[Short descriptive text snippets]
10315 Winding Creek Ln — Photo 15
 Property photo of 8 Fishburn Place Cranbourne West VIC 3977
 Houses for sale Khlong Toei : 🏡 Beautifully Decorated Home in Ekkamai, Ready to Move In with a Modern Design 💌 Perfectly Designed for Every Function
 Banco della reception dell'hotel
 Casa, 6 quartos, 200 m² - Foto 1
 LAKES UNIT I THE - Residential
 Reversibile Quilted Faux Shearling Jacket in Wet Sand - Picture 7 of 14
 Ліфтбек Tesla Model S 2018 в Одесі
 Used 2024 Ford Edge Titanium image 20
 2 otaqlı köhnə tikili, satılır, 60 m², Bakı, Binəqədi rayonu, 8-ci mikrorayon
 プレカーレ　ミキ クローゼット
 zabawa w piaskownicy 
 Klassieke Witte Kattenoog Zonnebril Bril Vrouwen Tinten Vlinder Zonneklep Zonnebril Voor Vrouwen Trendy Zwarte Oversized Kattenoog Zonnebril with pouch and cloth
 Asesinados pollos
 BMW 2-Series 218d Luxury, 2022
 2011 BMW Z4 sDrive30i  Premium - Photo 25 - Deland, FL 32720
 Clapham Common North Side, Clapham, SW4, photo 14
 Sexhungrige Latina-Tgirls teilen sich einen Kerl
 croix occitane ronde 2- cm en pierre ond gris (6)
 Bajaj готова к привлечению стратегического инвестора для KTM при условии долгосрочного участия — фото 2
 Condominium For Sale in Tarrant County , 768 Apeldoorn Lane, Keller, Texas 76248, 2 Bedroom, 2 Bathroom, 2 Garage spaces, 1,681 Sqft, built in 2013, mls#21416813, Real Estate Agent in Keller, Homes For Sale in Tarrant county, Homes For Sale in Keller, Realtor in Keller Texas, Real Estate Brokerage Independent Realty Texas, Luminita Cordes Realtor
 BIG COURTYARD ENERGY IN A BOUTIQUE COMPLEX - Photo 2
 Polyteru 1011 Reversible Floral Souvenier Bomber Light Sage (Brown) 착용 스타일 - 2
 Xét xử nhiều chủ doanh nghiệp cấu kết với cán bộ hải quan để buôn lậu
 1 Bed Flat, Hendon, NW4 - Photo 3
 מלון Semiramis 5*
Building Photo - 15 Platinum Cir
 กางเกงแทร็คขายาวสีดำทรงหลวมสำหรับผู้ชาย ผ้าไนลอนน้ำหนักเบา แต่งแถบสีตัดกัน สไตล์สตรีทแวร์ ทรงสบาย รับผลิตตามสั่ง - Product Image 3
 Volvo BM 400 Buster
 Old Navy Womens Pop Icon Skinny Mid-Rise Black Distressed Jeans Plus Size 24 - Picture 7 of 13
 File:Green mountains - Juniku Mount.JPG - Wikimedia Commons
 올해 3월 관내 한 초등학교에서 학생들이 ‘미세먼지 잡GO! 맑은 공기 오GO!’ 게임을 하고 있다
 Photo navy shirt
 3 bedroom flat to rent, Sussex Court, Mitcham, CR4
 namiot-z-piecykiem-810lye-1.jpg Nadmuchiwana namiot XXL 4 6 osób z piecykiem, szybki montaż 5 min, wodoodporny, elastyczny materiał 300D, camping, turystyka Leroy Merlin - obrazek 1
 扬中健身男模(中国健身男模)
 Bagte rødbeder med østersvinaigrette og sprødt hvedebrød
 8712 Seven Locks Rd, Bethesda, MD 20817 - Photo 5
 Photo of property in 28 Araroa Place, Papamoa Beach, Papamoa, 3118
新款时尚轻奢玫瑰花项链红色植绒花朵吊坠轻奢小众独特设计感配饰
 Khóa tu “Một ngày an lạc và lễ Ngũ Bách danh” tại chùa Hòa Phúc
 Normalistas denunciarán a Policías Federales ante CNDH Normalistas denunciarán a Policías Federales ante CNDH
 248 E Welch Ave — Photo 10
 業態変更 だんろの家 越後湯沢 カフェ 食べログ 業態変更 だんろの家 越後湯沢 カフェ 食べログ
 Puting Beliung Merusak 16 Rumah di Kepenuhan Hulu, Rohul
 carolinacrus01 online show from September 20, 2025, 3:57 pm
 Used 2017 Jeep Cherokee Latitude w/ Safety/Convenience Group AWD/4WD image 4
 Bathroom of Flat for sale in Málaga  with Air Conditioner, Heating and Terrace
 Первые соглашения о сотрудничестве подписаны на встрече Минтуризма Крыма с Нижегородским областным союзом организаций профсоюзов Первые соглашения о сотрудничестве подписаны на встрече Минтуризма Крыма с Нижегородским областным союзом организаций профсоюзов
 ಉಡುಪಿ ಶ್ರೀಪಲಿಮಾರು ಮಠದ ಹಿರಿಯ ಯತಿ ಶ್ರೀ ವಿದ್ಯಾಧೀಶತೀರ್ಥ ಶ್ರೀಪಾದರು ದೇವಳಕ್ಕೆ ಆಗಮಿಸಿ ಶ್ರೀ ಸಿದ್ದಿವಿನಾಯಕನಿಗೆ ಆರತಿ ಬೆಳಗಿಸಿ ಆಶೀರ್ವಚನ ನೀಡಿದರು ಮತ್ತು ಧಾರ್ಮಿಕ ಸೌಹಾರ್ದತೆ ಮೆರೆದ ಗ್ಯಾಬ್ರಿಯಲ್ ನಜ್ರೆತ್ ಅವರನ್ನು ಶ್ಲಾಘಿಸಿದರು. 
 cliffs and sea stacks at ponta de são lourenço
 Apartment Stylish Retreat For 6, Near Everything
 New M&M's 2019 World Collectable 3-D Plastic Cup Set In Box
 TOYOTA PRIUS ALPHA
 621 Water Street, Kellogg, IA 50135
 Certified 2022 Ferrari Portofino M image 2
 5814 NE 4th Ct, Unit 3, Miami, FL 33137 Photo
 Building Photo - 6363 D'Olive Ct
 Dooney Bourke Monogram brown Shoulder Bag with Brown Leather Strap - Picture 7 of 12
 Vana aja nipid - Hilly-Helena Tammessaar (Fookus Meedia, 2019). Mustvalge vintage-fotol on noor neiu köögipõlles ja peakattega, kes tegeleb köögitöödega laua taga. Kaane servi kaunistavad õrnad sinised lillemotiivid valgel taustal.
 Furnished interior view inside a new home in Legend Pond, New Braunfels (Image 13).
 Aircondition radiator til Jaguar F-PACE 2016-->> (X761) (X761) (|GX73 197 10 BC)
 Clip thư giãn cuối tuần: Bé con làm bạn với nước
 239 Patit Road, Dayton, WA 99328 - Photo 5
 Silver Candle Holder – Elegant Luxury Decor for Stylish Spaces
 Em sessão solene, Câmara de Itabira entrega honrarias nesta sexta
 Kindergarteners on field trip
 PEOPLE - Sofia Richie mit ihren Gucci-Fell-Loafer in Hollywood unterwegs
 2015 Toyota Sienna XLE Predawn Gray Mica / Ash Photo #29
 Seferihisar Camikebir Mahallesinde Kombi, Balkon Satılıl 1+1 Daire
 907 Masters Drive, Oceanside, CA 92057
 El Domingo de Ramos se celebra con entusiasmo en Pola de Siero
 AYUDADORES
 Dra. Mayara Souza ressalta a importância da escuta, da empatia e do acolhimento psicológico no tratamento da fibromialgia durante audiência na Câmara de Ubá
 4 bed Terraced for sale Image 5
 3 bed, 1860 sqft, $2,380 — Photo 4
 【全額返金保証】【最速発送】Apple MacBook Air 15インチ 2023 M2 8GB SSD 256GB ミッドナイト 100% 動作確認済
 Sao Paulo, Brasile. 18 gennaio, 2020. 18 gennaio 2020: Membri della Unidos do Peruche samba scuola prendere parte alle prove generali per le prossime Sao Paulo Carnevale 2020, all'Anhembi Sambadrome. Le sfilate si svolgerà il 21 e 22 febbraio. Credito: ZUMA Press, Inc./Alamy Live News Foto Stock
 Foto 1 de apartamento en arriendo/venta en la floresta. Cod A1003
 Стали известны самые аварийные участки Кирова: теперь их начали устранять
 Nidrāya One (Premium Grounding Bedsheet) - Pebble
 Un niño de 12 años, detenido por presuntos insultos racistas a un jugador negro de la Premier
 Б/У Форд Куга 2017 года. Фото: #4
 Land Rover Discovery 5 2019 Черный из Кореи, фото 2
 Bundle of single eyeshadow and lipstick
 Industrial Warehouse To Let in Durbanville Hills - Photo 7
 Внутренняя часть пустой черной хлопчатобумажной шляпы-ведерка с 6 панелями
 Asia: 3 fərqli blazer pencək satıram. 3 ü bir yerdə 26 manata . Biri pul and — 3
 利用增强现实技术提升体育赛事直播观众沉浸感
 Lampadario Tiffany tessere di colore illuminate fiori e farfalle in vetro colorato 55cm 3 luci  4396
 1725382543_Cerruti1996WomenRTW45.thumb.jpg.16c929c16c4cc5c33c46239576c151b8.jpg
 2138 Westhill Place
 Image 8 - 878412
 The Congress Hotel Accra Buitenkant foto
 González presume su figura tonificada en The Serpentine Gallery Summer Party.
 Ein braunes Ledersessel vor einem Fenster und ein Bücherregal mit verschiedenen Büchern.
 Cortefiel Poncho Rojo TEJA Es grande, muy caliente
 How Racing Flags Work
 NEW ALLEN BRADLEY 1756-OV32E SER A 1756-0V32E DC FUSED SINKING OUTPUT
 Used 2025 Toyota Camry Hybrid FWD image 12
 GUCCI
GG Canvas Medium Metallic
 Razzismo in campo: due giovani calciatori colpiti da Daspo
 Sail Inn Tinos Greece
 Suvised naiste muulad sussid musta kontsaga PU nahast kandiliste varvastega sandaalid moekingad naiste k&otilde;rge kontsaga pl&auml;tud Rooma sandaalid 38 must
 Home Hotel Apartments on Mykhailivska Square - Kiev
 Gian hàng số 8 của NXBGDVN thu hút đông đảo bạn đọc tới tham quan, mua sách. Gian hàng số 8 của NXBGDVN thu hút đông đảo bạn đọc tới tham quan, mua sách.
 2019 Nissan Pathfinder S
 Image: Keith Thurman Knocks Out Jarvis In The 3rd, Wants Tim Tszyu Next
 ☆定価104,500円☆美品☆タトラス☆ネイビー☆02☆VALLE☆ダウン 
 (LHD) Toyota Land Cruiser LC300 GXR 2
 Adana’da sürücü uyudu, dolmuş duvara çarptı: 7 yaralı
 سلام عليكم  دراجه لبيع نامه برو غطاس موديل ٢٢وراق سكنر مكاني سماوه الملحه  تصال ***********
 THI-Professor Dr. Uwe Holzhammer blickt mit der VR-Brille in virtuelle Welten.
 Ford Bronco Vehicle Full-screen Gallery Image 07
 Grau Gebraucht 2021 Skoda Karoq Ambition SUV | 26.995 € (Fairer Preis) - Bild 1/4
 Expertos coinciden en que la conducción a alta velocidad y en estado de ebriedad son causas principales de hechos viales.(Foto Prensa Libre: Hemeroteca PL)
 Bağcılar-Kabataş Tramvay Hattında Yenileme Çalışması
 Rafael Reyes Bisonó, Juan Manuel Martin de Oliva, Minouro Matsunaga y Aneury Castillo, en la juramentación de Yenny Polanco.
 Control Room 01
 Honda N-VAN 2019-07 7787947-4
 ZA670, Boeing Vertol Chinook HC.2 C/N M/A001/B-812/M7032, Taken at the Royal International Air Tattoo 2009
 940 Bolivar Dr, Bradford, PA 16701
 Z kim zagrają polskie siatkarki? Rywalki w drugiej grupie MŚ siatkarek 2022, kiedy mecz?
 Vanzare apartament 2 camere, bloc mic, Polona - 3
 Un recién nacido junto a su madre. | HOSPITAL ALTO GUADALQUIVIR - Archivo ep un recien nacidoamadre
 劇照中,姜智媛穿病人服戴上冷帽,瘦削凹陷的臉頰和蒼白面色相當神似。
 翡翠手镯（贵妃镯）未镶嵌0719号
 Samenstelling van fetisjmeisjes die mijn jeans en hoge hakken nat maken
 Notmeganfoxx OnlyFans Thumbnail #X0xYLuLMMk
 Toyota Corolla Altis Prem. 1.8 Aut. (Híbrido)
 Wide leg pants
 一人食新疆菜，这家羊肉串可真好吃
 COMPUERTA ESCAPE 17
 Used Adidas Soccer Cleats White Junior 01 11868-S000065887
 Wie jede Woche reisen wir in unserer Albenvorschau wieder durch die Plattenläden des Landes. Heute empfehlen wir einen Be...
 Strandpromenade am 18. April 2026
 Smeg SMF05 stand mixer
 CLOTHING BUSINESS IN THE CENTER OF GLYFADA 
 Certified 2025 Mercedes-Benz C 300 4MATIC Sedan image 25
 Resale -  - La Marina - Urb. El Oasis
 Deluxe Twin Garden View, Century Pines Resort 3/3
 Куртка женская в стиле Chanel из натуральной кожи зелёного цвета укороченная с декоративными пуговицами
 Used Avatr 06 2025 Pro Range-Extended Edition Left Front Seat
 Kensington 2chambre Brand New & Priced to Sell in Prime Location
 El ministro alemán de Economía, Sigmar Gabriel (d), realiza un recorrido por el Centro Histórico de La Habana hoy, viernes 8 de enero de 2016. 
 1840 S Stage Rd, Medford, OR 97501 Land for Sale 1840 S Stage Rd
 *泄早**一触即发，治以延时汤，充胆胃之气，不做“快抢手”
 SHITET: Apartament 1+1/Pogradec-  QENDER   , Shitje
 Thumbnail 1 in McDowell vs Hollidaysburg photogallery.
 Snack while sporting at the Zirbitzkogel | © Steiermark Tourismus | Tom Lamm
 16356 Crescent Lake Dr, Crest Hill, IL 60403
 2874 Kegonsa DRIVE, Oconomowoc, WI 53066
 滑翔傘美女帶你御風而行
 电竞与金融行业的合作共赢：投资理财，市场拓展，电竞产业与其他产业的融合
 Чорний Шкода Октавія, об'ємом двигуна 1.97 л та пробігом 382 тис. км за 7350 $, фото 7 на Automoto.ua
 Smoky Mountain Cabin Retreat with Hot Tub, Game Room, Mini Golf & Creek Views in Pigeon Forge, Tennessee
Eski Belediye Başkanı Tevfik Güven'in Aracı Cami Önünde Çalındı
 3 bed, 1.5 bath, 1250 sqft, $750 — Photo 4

◆ Task prompt ◆
Set down, unchanged, only those lines above that fall between the line with "Kensington 2chambre Brand" and the line with "Thumbnail 1 in", the two end lines included.

◆ Task solution ◆
 Kensington 2chambre Brand New & Priced to Sell in Prime Location
 El ministro alemán de Economía, Sigmar Gabriel (d), realiza un recorrido por el Centro Histórico de La Habana hoy, viernes 8 de enero de 2016. 
 1840 S Stage Rd, Medford, OR 97501 Land for Sale 1840 S Stage Rd
 *泄早**一触即发，治以延时汤，充胆胃之气，不做“快抢手”
 SHITET: Apartament 1+1/Pogradec-  QENDER   , Shitje
 Thumbnail 1 in McDowell vs Hollidaysburg photogallery.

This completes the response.